Exercise inputs Start Marker
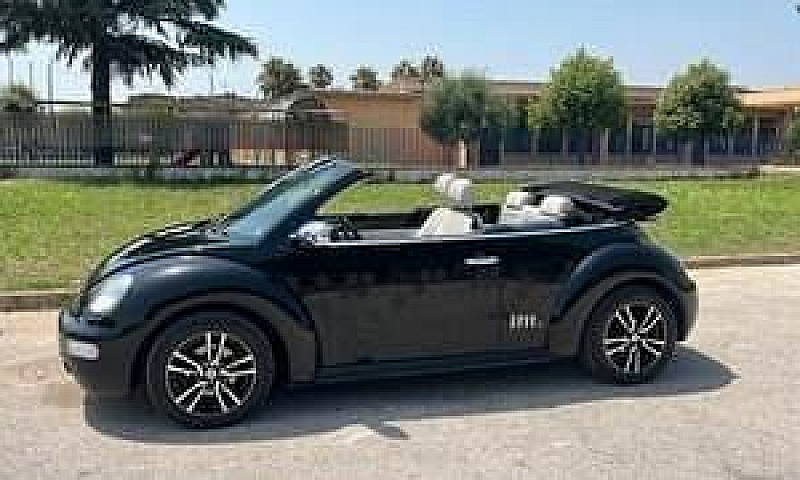 Volkswagen New Beetl...
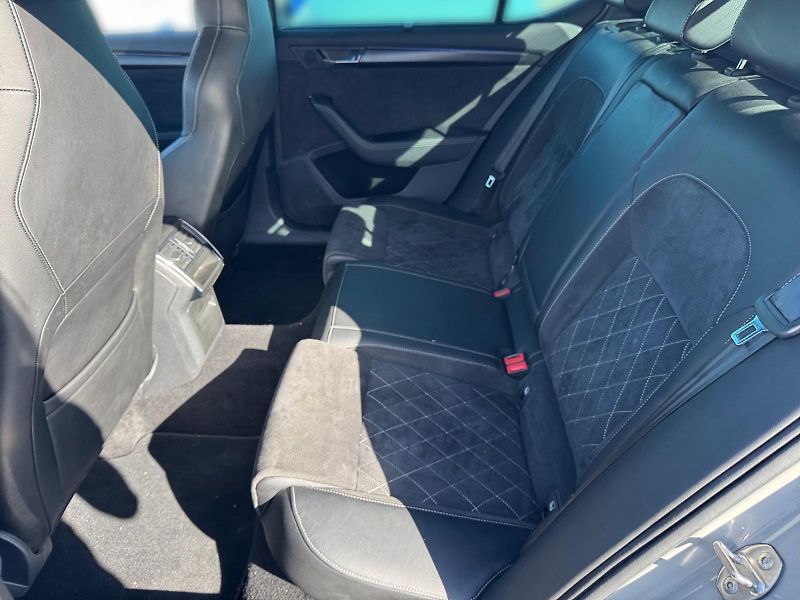 Škoda Superb (2022) SPORTLINE 1.5TSI 110kW DSG TAŽ - fotka 8 z 11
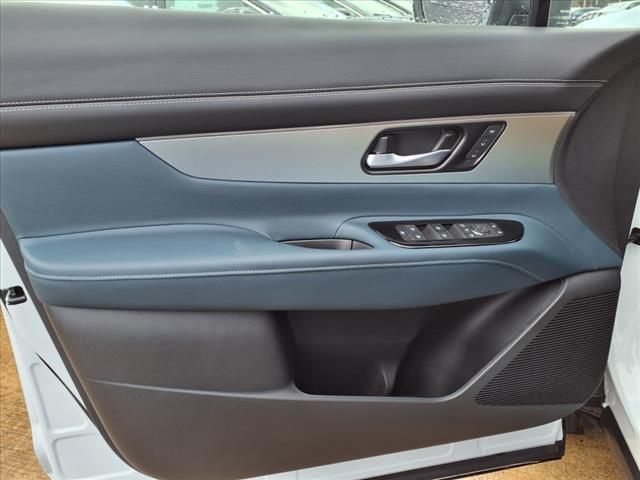2025 Nissan Murano Platinum photo 4
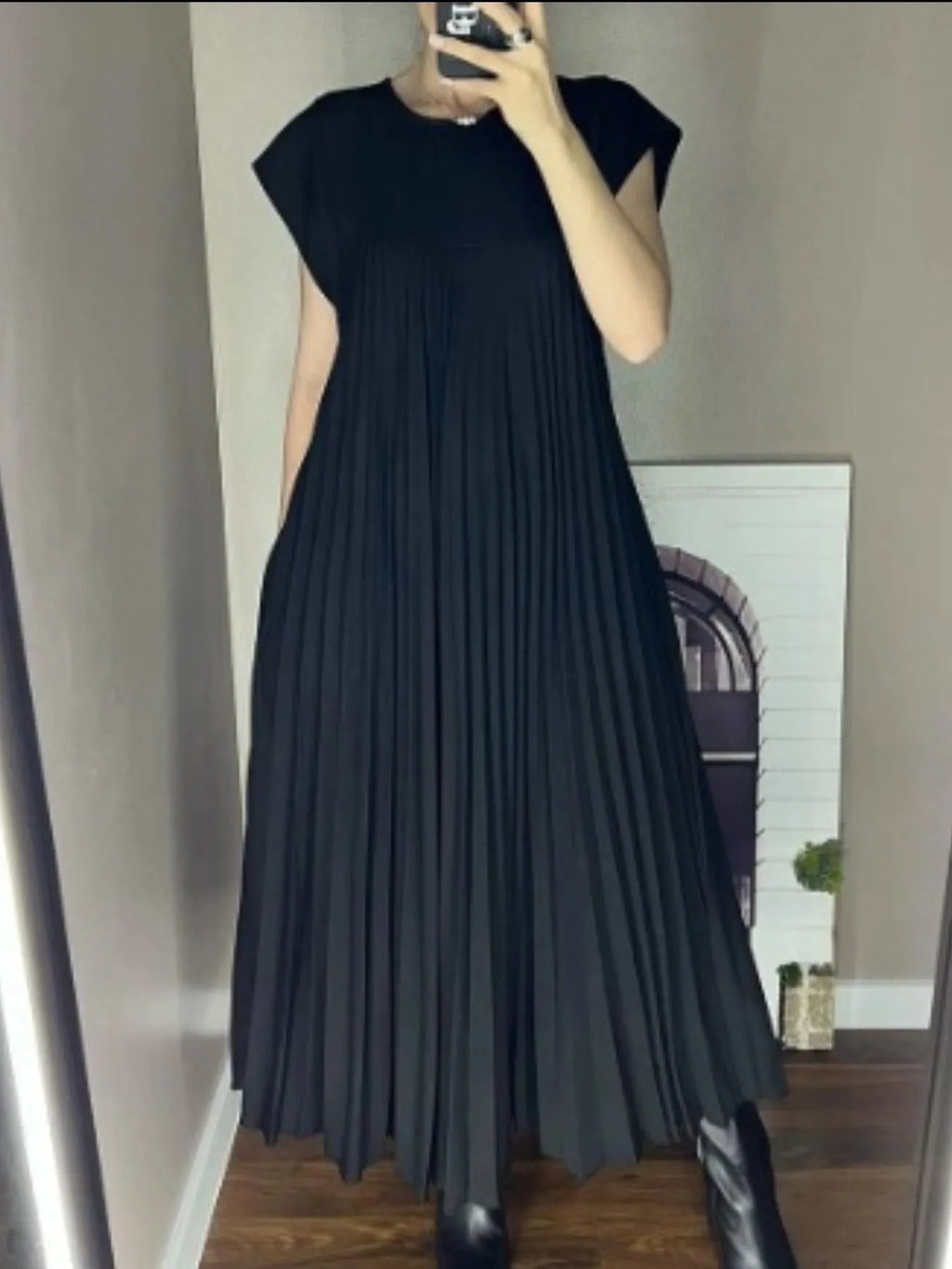 Pleated Round Neck Maxi Dress - product image 5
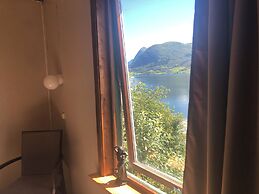 Jølster Lake View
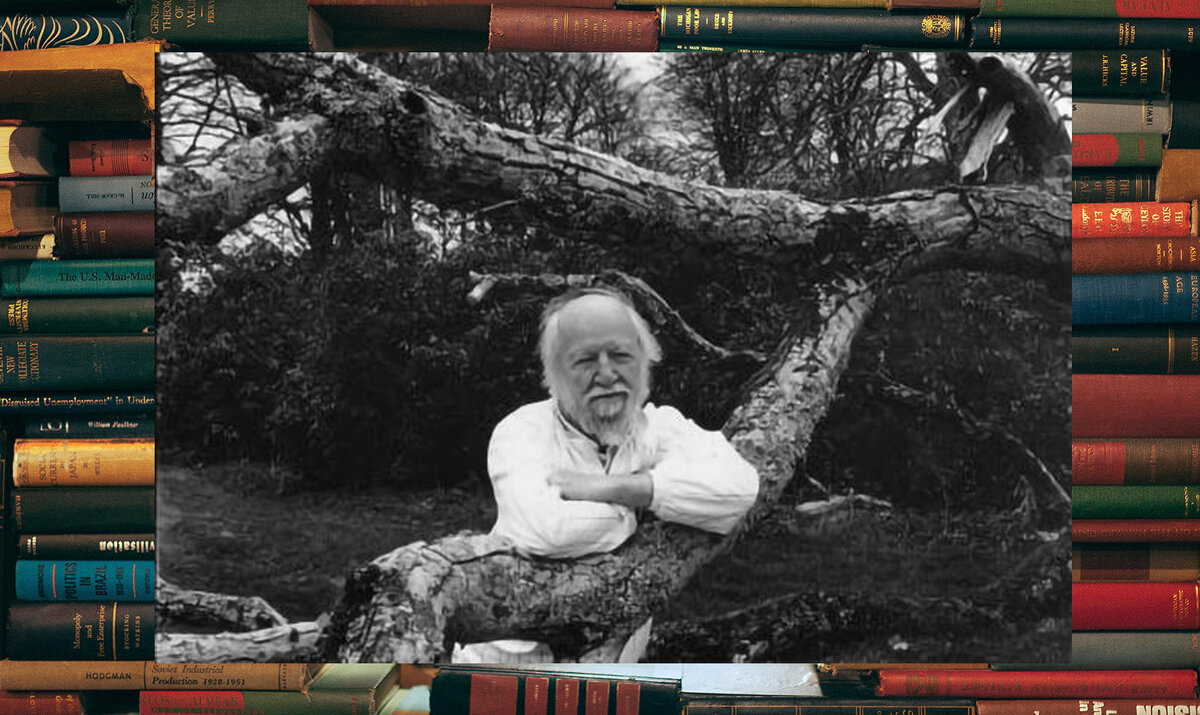 Писатель выглядит весьма добродушным дядечкой, а ведь именно его произведения называют одними из самых мрачных в XX веке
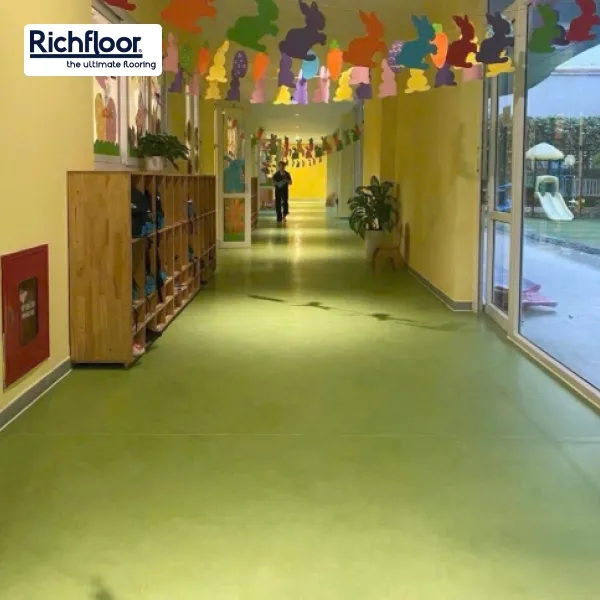 Sàn nhựa dạng cuộn giá rẻ thi công nhanh chóng, phù hợp nhà ở, văn phòng và cửa hàng.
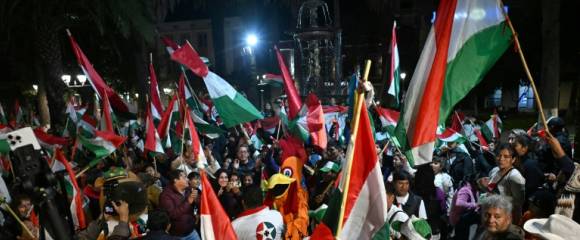 Des partisans du nouveau président Rodrigo Paz célèbrent sa victoire, le 19 octobre 2025 à La Paz, en Bolivie Des partisans du nouveau président Rodrigo Paz célèbrent sa victoire, le 19 octobre 2025 à La Paz, en Bolivie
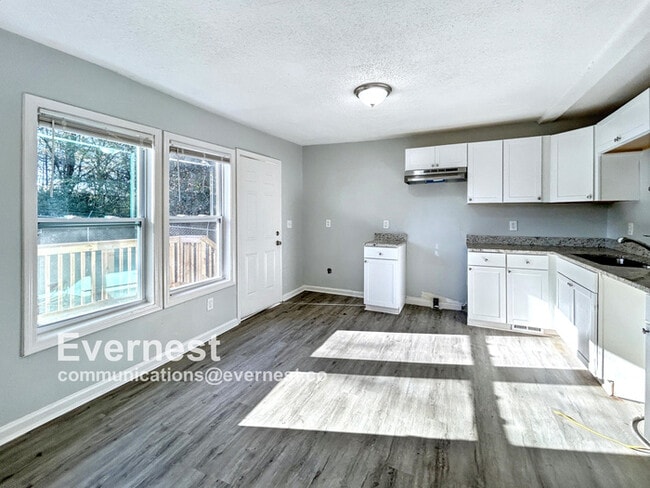 Building Photo - Charming 3-Bedroom, 2-Bathroom Home / Pet-...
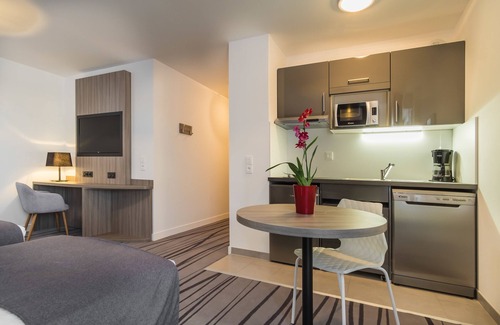 La Fuye-Velpeau House | Nemea Appart Hotel Quai Victor Tours Centre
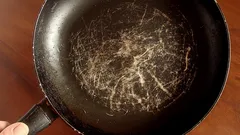 Nigdy nie rób tego z patelnią: błąd, który skraca jej żywotność o połowę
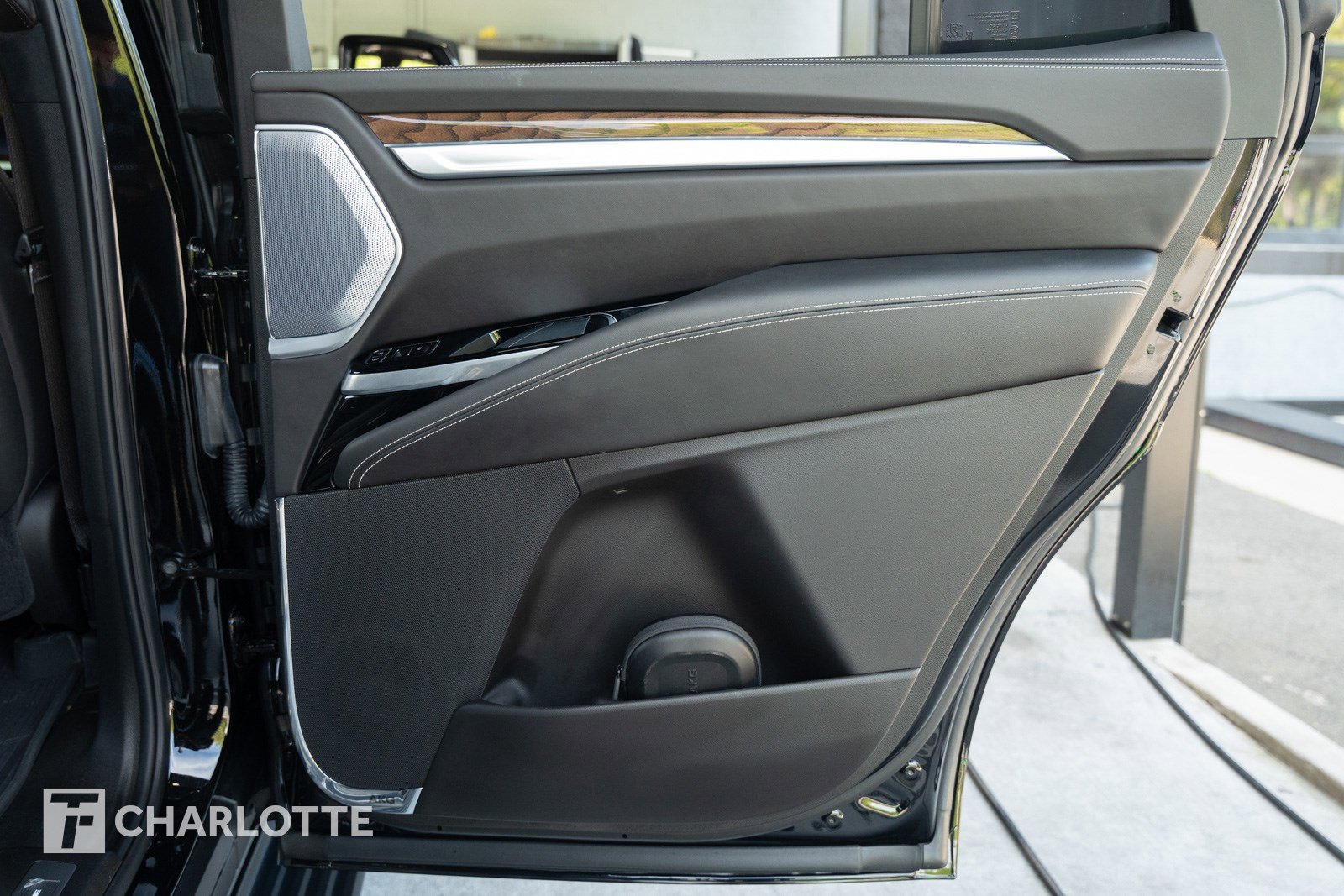 Used 2025 Cadillac Escalade Sport Platinum w/ LPO, Floor Liner Package AWD/4WD image 35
Exercise inputs End Marker
What to do: Repeat word for word the lines beginning at the one with "Škoda Superb (2022)" and ending at the final line of the records above, both included, and no others. Leave the pictures out.

Solution:
 Škoda Superb (2022) SPORTLINE 1.5TSI 110kW DSG TAŽ - fotka 8 z 11
2025 Nissan Murano Platinum photo 4
 Pleated Round Neck Maxi Dress - product image 5
 Jølster Lake View
 Писатель выглядит весьма добродушным дядечкой, а ведь именно его произведения называют одними из самых мрачных в XX веке
 Sàn nhựa dạng cuộn giá rẻ thi công nhanh chóng, phù hợp nhà ở, văn phòng và cửa hàng.
 Des partisans du nouveau président Rodrigo Paz célèbrent sa victoire, le 19 octobre 2025 à La Paz, en Bolivie Des partisans du nouveau président Rodrigo Paz célèbrent sa victoire, le 19 octobre 2025 à La Paz, en Bolivie
 Building Photo - Charming 3-Bedroom, 2-Bathroom Home / Pet-...
 La Fuye-Velpeau House | Nemea Appart Hotel Quai Victor Tours Centre
 Nigdy nie rób tego z patelnią: błąd, który skraca jej żywotność o połowę
 Used 2025 Cadillac Escalade Sport Platinum w/ LPO, Floor Liner Package AWD/4WD image 35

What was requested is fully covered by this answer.